Biak Island Region
West Papua, Indonesia
West Papua, Indonesia
This project restores and protects 1,000 hectares of highly degraded mangrove forest
Biak Island's mangrove estuaries are 75% deforested. The project employs local villagers to plant a diverse mix of mangrove species, creating both jobs and healthy ecosystems.
Biak Island is located in the center of the Coral Triangle. The reefs around Biak have some of the highest levels of biodiversity on the planet.
Key Impact Metrics
Every 30 mangrove trees planted:
- Creates 1 day of living-wage employment for local community members, helping to support 55 families
- Provides resources for local education
- Protects local villages from storm surges and sea-level rise
- Serves as critical nursery grounds for fish and shellfish, and increases local marine productivity
- Has the potential to sequester more than 9 metric tons of carbon dioxide of the 25 year life of the trees
Each mangrove tree planted sequesters approximately 680 lbs [308kg] of C02 over its lifetime.
The mangrove restoration process
Mangrove restoration on Biak Island follows a structured, tested and straightforward process – comprised of these 8 steps:
1. Our local planting partner first works with all levels of the Indonesian government at the National, Regional, and most importantly, at the Village level (where the primary land ownership/rights is recognised in Indonesia) to secure the authorization agreements needed, as well as the long-term permence for the project site(s).
2. Workers receive intensive training on proper restoration techniques. This is often delivered by workers from other local projects.
3. “Before” photos are taken for each hectare (at the time of first planting) with the Theodolite app showing GPS coordinates and other site identification data.
4. Prior to planting, each worker “harvests” their own supply of appropriate mangrove species propagules/seeds from adjacent healthy remnant mangrove forests. The collected propagules are then recorded and bundled (per person), and held in storage at the village plant nursery until planted. Workers are paid once specific bundles are planted on scheduled communal planting days.
5. The workers first clear the sites of deforestation debris – and plant the appropriate mangrove species within the appropriate sub-ecosystems. Photo documentation after the planting has been completed is used to validate the estimated number of trees planted per daily section.
6. As needed, the workers also replant the propagules that can potentially die-off as a result of periodic crab predation, a severe weather event, etc.
7. Our local planting partner monitors and measures survival rates, growth, health and natural regeneration rates on an annual basis. Photo documentation related to their specific planting sites is provided to SeaTrees to confirm this.
8. Long-term monitoring and guarding of the restored mangrove forest through a seperate “guard fund”, that is created at the very beginning of the restoration efforts. 10% of funding provided by SeaTrees, is set aside into a guard fund that is operated by Eden Projects.
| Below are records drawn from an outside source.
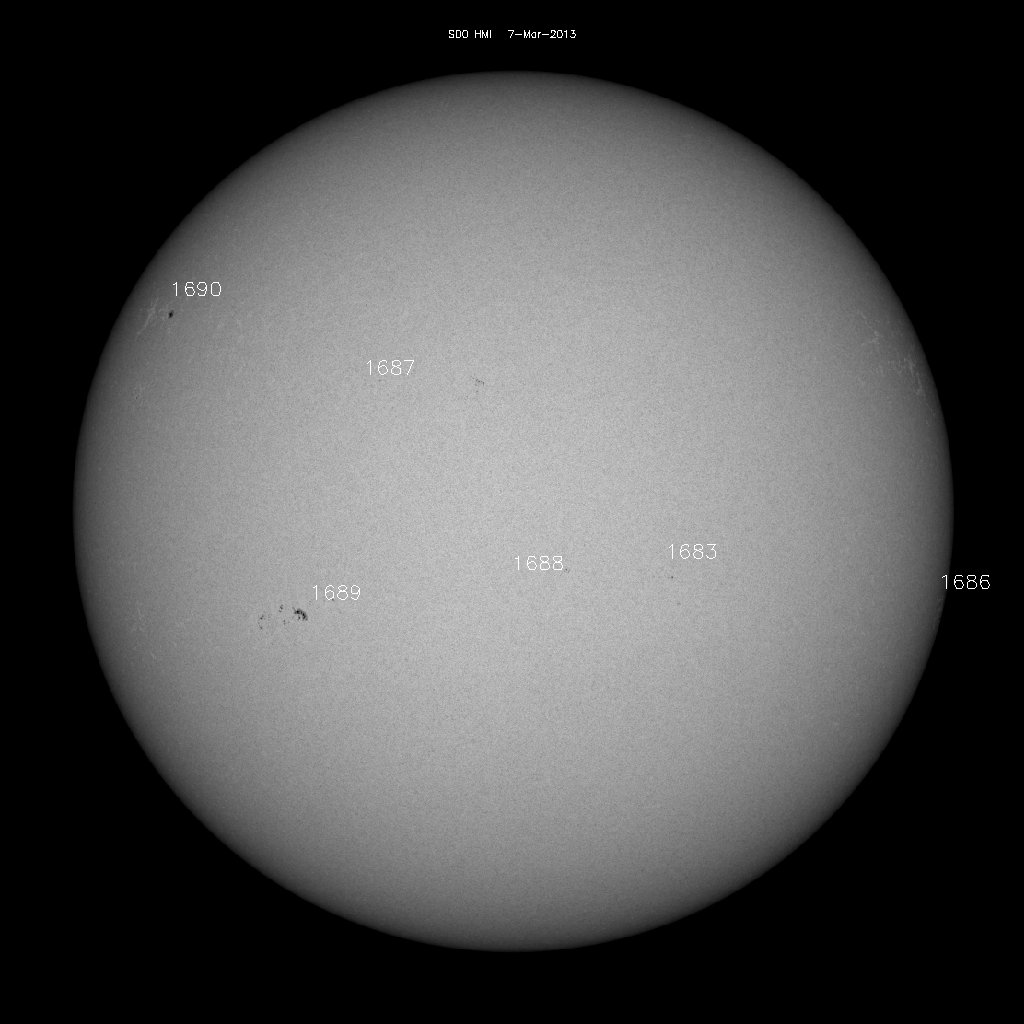 Sunspot regions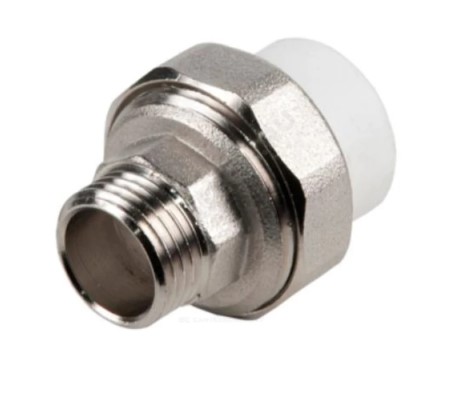 Муфта PP-R комбинированная разъемная белая Дн 50х1 1/2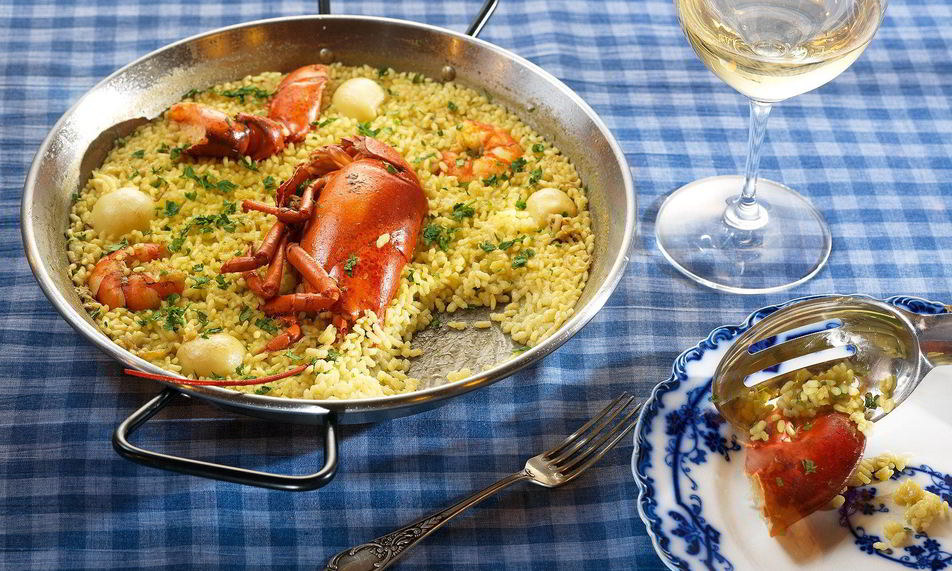 Рецепт паэлья с омаром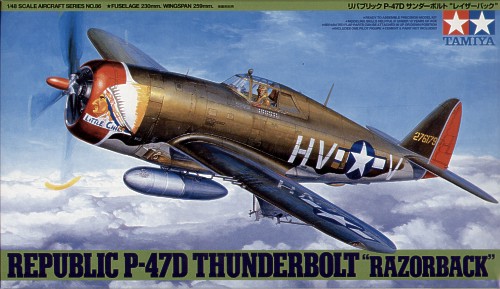 Tamiya 1/48 P-47D Thunderbolt Razorback image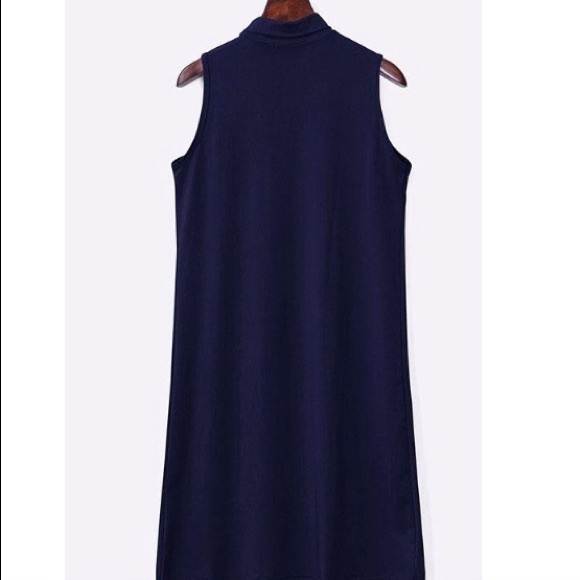 Depway Casual Turtleneck Mini Dress in navy blue - Picture 3 of 3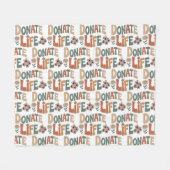 Doneer Leven BOHO Fleece Deken (Voorkant (Horizontaal))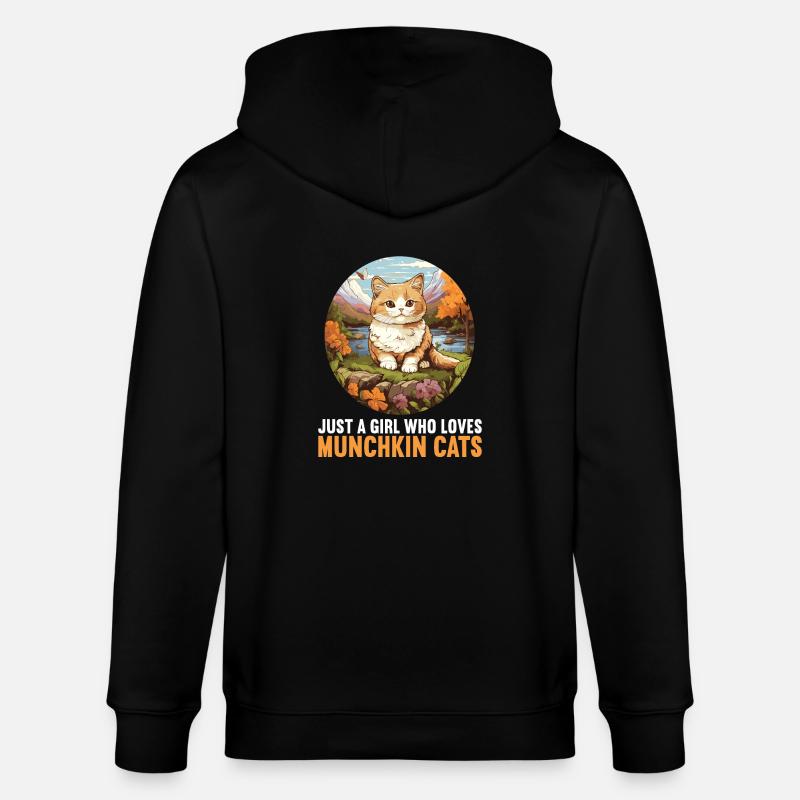 Munchkin Chaton Munchkin Chat - Veste à capuche bio CULTIVATOR Stanley/Stella Unisexe - noir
Assuring trees deliver ongoing impact
In addition to ongoing evaluation provided by Eden Projects, we assess every restoration site in person. Sustainable Surf / SeaTrees team members visit each planting site we support during the initial planting period to document and verify the process, and progress. We visit all planting sites on an annual basis to validate the progress, and to address any potential issues.
On Biak Island, trained monitoring teams use a series of “circle plots” (a standardized 'Silviculture' evaluation technique) located within the planting sites to annually measure tree growth rate, survival rate, diversity, and other indicators of forest health. These teams also identify areas of the forest that need additional restoration effort, from the occasional destructive impacts of animals ( typically, crab predation) and extreme weather.
SeaTrees has partnered with the Eden Reforestation Projects to fund local villagers on Biak Island in their effort to restore, replant, and protect the area’s unique and vital forest systems.